Records from a data collection:
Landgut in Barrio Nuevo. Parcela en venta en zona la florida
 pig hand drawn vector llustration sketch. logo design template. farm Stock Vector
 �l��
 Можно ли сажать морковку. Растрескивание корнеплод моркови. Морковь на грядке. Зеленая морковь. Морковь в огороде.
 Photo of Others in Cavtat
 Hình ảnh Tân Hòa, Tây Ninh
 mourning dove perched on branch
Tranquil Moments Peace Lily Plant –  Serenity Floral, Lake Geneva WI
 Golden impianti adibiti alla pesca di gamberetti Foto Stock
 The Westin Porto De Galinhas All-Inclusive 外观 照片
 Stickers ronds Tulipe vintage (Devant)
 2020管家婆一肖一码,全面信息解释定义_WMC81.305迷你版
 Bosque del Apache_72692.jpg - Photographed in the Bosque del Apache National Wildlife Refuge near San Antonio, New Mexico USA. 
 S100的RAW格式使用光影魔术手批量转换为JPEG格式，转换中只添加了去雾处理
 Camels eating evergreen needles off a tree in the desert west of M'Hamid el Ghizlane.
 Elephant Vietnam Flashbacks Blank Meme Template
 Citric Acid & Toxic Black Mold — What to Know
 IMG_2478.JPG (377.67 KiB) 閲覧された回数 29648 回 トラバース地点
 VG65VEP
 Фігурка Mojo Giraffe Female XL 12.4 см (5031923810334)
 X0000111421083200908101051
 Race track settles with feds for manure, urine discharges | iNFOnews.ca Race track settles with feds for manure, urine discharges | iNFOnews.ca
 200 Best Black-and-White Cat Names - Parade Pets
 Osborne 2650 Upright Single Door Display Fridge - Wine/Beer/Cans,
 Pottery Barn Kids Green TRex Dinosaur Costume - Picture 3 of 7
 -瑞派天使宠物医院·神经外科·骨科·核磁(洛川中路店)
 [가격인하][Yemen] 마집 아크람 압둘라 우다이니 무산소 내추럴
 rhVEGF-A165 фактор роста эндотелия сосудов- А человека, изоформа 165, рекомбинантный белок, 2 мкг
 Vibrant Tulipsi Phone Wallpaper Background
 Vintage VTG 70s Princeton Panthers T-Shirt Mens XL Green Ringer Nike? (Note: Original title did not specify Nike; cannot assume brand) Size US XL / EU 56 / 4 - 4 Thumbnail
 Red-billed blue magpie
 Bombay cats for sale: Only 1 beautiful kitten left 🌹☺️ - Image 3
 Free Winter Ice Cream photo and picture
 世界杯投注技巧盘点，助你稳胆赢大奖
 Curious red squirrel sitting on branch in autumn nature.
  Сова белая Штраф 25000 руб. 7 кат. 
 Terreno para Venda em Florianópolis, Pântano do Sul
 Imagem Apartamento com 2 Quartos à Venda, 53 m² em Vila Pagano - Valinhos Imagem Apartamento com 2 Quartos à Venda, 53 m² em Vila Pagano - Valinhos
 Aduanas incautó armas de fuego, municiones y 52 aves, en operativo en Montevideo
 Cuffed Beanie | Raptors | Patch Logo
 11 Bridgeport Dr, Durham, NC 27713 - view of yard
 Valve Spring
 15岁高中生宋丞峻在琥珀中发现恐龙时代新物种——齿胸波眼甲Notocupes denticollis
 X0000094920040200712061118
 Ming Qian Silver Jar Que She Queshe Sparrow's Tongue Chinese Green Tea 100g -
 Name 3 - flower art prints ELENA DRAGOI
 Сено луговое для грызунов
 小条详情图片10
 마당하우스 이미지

● **TASK DESCRIPTION**
Every record must be output again with its wording unchanged.

● **EXERCISE ANSWER**
Landgut in Barrio Nuevo. Parcela en venta en zona la florida
 pig hand drawn vector llustration sketch. logo design template. farm Stock Vector
 �l��
 Можно ли сажать морковку. Растрескивание корнеплод моркови. Морковь на грядке. Зеленая морковь. Морковь в огороде.
 Photo of Others in Cavtat
 Hình ảnh Tân Hòa, Tây Ninh
 mourning dove perched on branch
Tranquil Moments Peace Lily Plant –  Serenity Floral, Lake Geneva WI
 Golden impianti adibiti alla pesca di gamberetti Foto Stock
 The Westin Porto De Galinhas All-Inclusive 外观 照片
 Stickers ronds Tulipe vintage (Devant)
 2020管家婆一肖一码,全面信息解释定义_WMC81.305迷你版
 Bosque del Apache_72692.jpg - Photographed in the Bosque del Apache National Wildlife Refuge near San Antonio, New Mexico USA. 
 S100的RAW格式使用光影魔术手批量转换为JPEG格式，转换中只添加了去雾处理
 Camels eating evergreen needles off a tree in the desert west of M'Hamid el Ghizlane.
 Elephant Vietnam Flashbacks Blank Meme Template
 Citric Acid & Toxic Black Mold — What to Know
 IMG_2478.JPG (377.67 KiB) 閲覧された回数 29648 回 トラバース地点
 VG65VEP
 Фігурка Mojo Giraffe Female XL 12.4 см (5031923810334)
 X0000111421083200908101051
 Race track settles with feds for manure, urine discharges | iNFOnews.ca Race track settles with feds for manure, urine discharges | iNFOnews.ca
 200 Best Black-and-White Cat Names - Parade Pets
 Osborne 2650 Upright Single Door Display Fridge - Wine/Beer/Cans,
 Pottery Barn Kids Green TRex Dinosaur Costume - Picture 3 of 7
 -瑞派天使宠物医院·神经外科·骨科·核磁(洛川中路店)
 [가격인하][Yemen] 마집 아크람 압둘라 우다이니 무산소 내추럴
 rhVEGF-A165 фактор роста эндотелия сосудов- А человека, изоформа 165, рекомбинантный белок, 2 мкг
 Vibrant Tulipsi Phone Wallpaper Background
 Vintage VTG 70s Princeton Panthers T-Shirt Mens XL Green Ringer Nike? (Note: Original title did not specify Nike; cannot assume brand) Size US XL / EU 56 / 4 - 4 Thumbnail
 Red-billed blue magpie
 Bombay cats for sale: Only 1 beautiful kitten left 🌹☺️ - Image 3
 Free Winter Ice Cream photo and picture
 世界杯投注技巧盘点，助你稳胆赢大奖
 Curious red squirrel sitting on branch in autumn nature.
  Сова белая Штраф 25000 руб. 7 кат. 
 Terreno para Venda em Florianópolis, Pântano do Sul
 Imagem Apartamento com 2 Quartos à Venda, 53 m² em Vila Pagano - Valinhos Imagem Apartamento com 2 Quartos à Venda, 53 m² em Vila Pagano - Valinhos
 Aduanas incautó armas de fuego, municiones y 52 aves, en operativo en Montevideo
 Cuffed Beanie | Raptors | Patch Logo
 11 Bridgeport Dr, Durham, NC 27713 - view of yard
 Valve Spring
 15岁高中生宋丞峻在琥珀中发现恐龙时代新物种——齿胸波眼甲Notocupes denticollis
 X0000094920040200712061118
 Ming Qian Silver Jar Que She Queshe Sparrow's Tongue Chinese Green Tea 100g -
 Name 3 - flower art prints ELENA DRAGOI
 Сено луговое для грызунов
 小条详情图片10
 마당하우스 이미지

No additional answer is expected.